Oleh karena itu, asosiasi tersebut mengajukan banding kepada pemerintah federal dalam sebuah pernyataan yang diterbitkan pada hari Kamis Posisi kertas untuk bertindak. Partisipasi karyawan harus disederhanakan dan distandarisasi, sebagaimana diumumkan dalam perjanjian koalisi. Jika tidak, Jerman tidak akan mampu bersaing secara internasional.
Pengusaha pemula mengatasi hambatan tersebut
Makalah posisi tersebut didahului dengan surat terbuka kepada politisi Eropa pada bulan Januari, yang ditandatangani oleh pimpinan sekitar 500 startup dari seluruh Eropa, termasuk N26, Blablacar, Stripe, dan Transferwise.

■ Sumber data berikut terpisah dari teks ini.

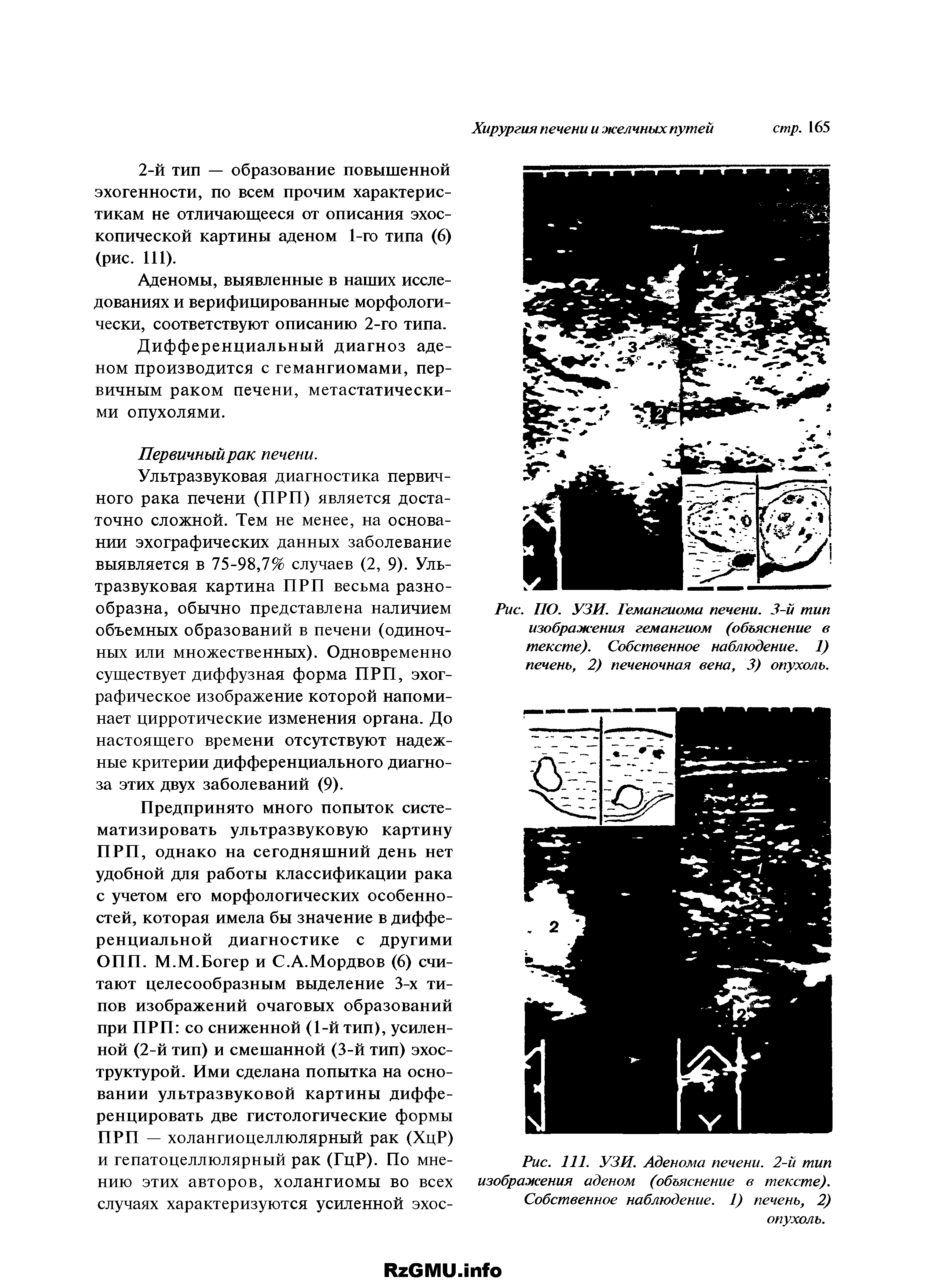 Рис. 111. УЗИ. Аденома печени. 2-й тип изображения аденом (объяснение в тексте). Собственное наблюдение. 1) печень, 2) опухоль.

Salah satu penandatangannya adalah Johannes Reck, pendiri dan direktur pelaksana platform perjalanan Getyourguide. Meskipun perusahaan yang berbasis di Berlin dengan lebih dari 500 karyawan ini telah melampaui kapasitas startupnya dan dikatakan sedang menuju valuasi miliaran dolar, Reck juga mengalami kesulitan dalam merekrut pekerja terampil.
“Situasi hukum saat ini mengenai partisipasi karyawan sangat menghambat kami,” kata Reck dalam sebuah wawancara dengan Business Insider. Seperti biasa di dunia startup, rekrutmen Getyourguide bersifat internasional: hanya 16 persen karyawannya berasal dari Jerman. Dan khususnya pelamar internasional terbiasa disambut dengan bonus bagi hasil. Hampir di setiap wawancara kerja, kandidat akan menanyakan tentang program partisipasi. Dan setiap kali Reck harus menjelaskan bahwa opsi saham di Jerman adalah bisnis yang sulit.
“Jika kami tidak berhasil membawa talenta-talenta terbaik ke Jerman, Google berikutnya juga tidak akan tercipta di sini.”
Karena: Partisipasi hampir tidak ada gunanya karena alasan perpajakan dan sangat kompleks. Jika dalam kasus IPO, tarif pajak di negara ini diperkirakan sebesar 50 hingga 60 persen, sedangkan di wilayah Anglo-Saxon tarifnya sekitar 25 persen.
Hasilnya: Pelamar mungkin memilih untuk mencari di tempat lain. “Jika kita gagal mendatangkan talenta terbaik ke Jerman, Google berikutnya tidak akan tercipta di sini,” kata Reck.
Setelah beberapa kali makan bersama para pengambil keputusan, kesimpulannya cukup menyedihkan: “Sebagai seorang pengusaha, saya merasa hal ini sangat membuat frustrasi. Saya telah berbicara dengan kanselir dan politisi dari semua partai dan semua orang menyadari masalah ini – tapi tidak ada yang terjadi.”